**What needs to be done:**
The records are to be copied exactly and in full.

**Stored data entries:**

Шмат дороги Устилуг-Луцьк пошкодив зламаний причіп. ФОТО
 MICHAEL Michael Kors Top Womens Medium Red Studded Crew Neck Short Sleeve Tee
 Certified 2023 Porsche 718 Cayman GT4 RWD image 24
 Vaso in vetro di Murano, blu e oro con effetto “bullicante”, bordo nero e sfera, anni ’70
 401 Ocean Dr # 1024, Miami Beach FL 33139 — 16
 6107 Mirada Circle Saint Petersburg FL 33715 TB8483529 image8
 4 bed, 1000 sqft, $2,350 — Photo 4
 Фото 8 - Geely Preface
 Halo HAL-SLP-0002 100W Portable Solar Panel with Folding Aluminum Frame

**Response:**
Шмат дороги Устилуг-Луцьк пошкодив зламаний причіп. ФОТО
 MICHAEL Michael Kors Top Womens Medium Red Studded Crew Neck Short Sleeve Tee
 Certified 2023 Porsche 718 Cayman GT4 RWD image 24
 Vaso in vetro di Murano, blu e oro con effetto “bullicante”, bordo nero e sfera, anni ’70
 401 Ocean Dr # 1024, Miami Beach FL 33139 — 16
 6107 Mirada Circle Saint Petersburg FL 33715 TB8483529 image8
 4 bed, 1000 sqft, $2,350 — Photo 4
 Фото 8 - Geely Preface
 Halo HAL-SLP-0002 100W Portable Solar Panel with Folding Aluminum Frame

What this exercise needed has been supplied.